───── Dataset content
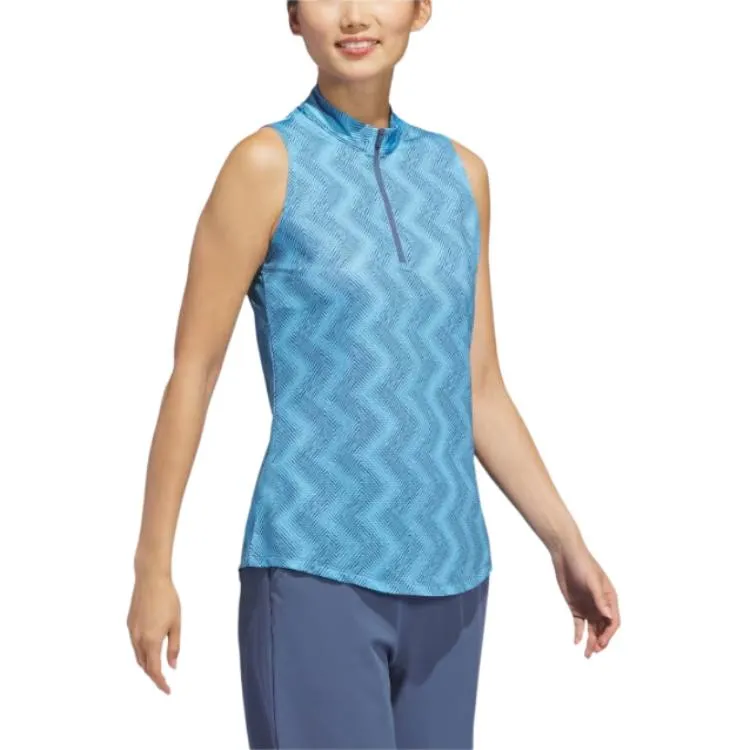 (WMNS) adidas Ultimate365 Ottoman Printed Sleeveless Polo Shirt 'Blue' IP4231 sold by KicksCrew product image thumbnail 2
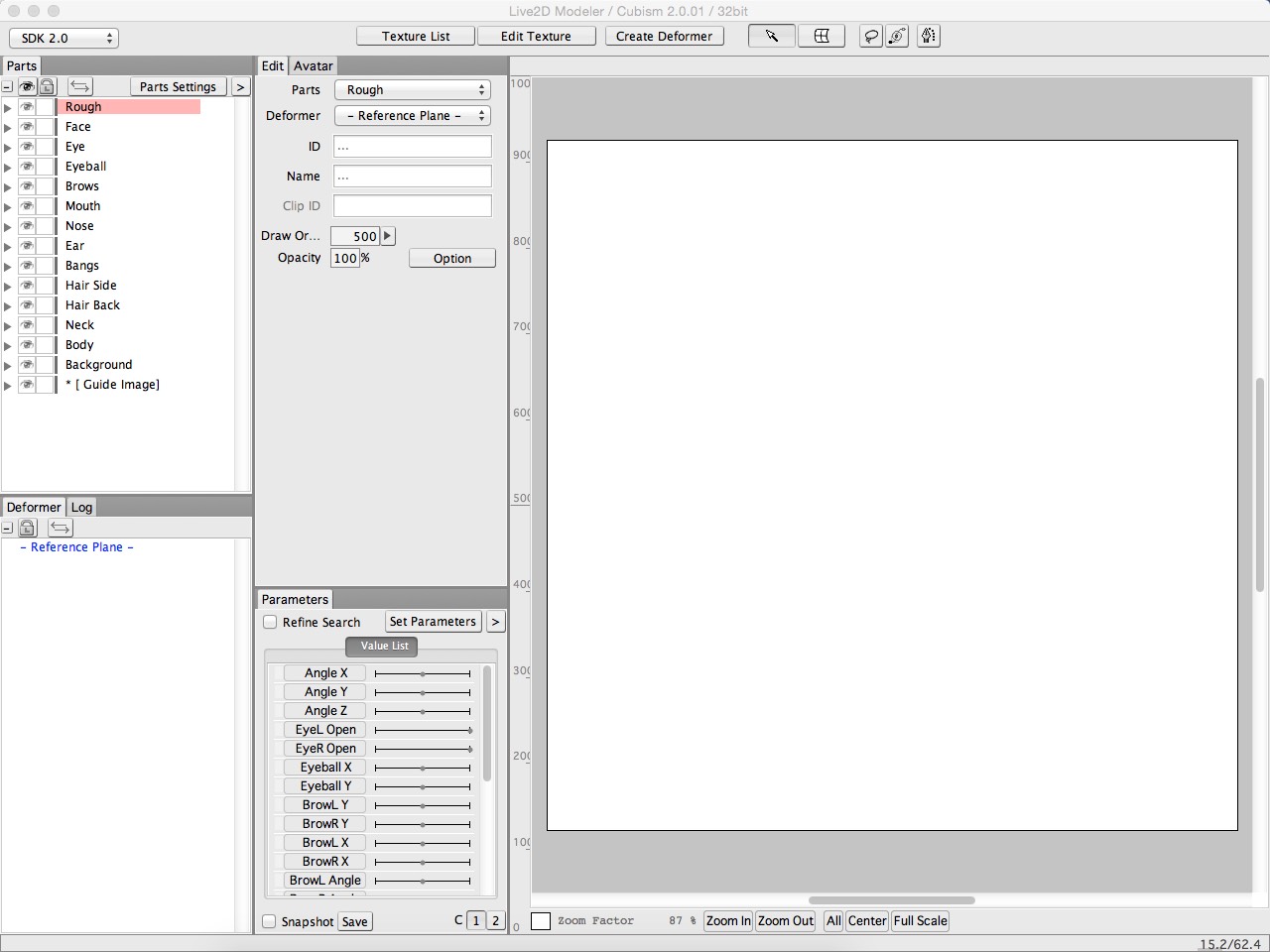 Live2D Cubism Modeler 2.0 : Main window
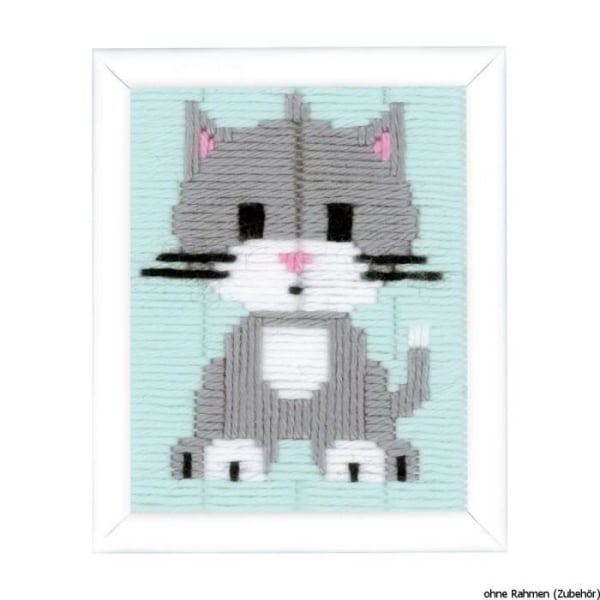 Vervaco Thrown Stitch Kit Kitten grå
──────────
In the copy, include no pictures; restate the listing above exactly.

 (WMNS) adidas Ultimate365 Ottoman Printed Sleeveless Polo Shirt 'Blue' IP4231 sold by KicksCrew product image thumbnail 2
 Live2D Cubism Modeler 2.0 : Main window
 Vervaco Thrown Stitch Kit Kitten grå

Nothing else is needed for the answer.